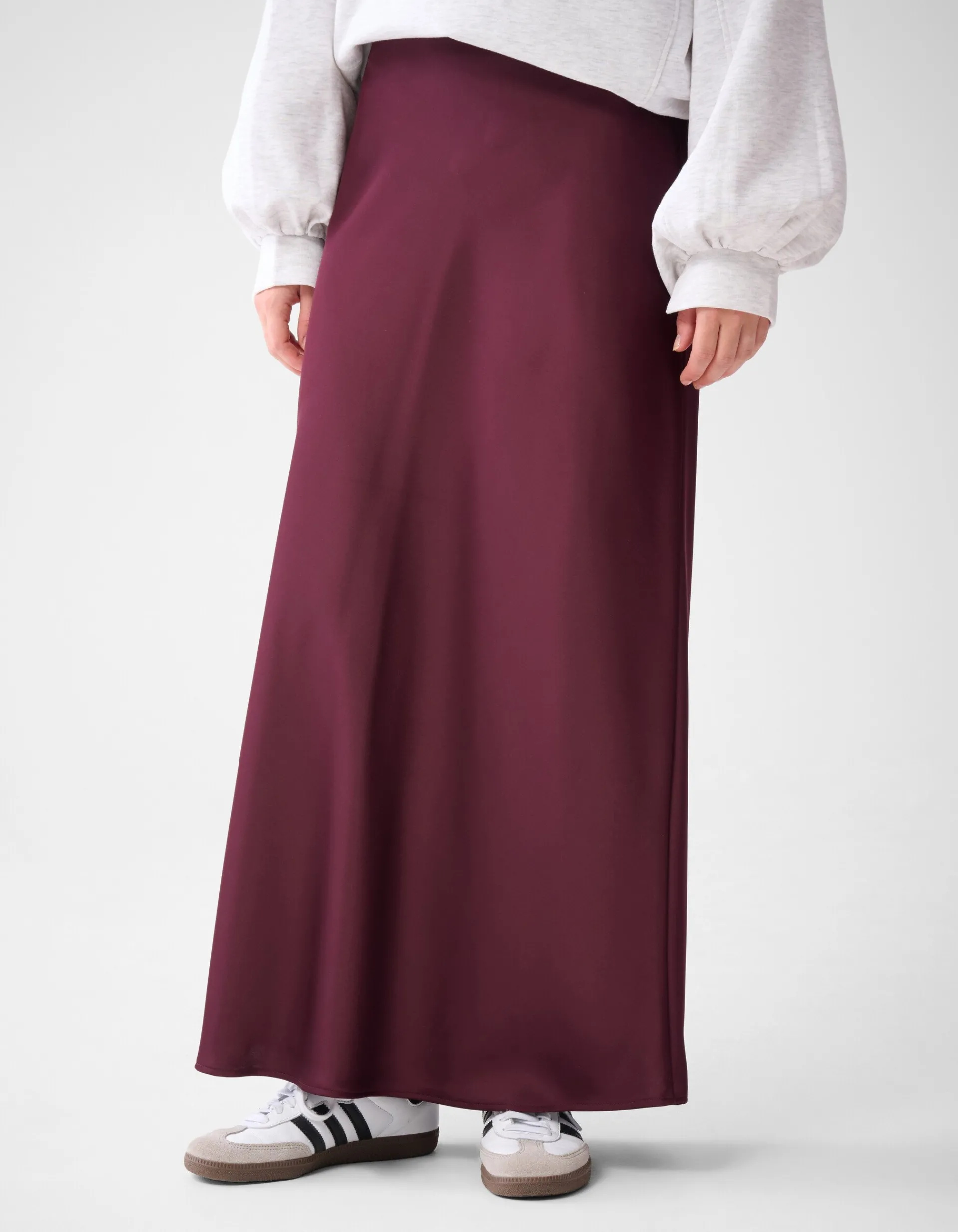 Shoeby Satijnen Rok Donkerrood By Lonneke<DAMES Rokken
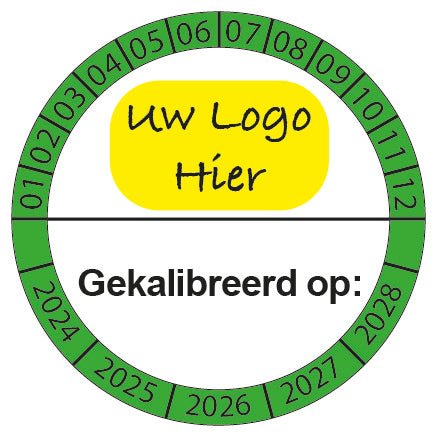 Keuringssticker met eigen logo - Ricard Pictogram stickers -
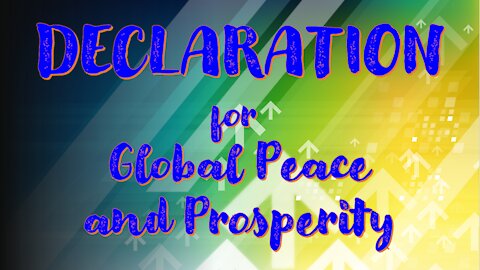 Declaration of the People of the United States for Global Peace and Prosperity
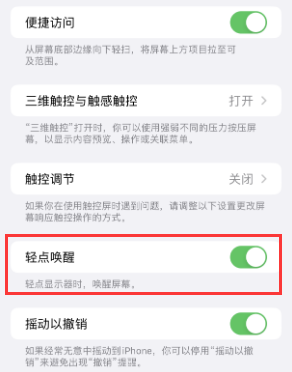 洞口苹果授权维修站分享iPhone轻点无法唤醒怎么办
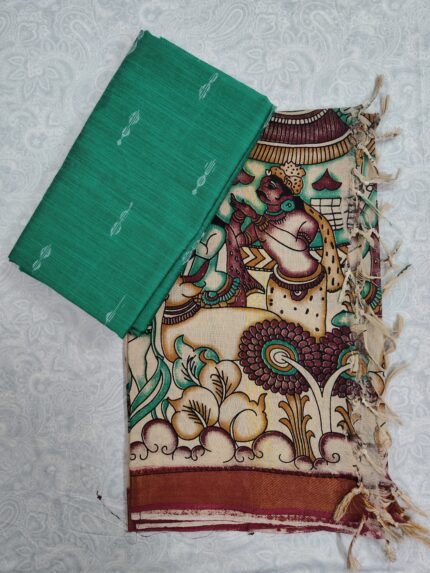 Khadi Silk Top and Nelluru Silk Dupatta(KSND007)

======

WORK ORDER: A verbatim copy is needed of the lines running from the line with "Keuringssticker met eigen" to the end of the data above, both included. Keep the pictures out of it.

TASK SOLUTION:
 Keuringssticker met eigen logo - Ricard Pictogram stickers -
 Declaration of the People of the United States for Global Peace and Prosperity
 洞口苹果授权维修站分享iPhone轻点无法唤醒怎么办
 Khadi Silk Top and Nelluru Silk Dupatta(KSND007)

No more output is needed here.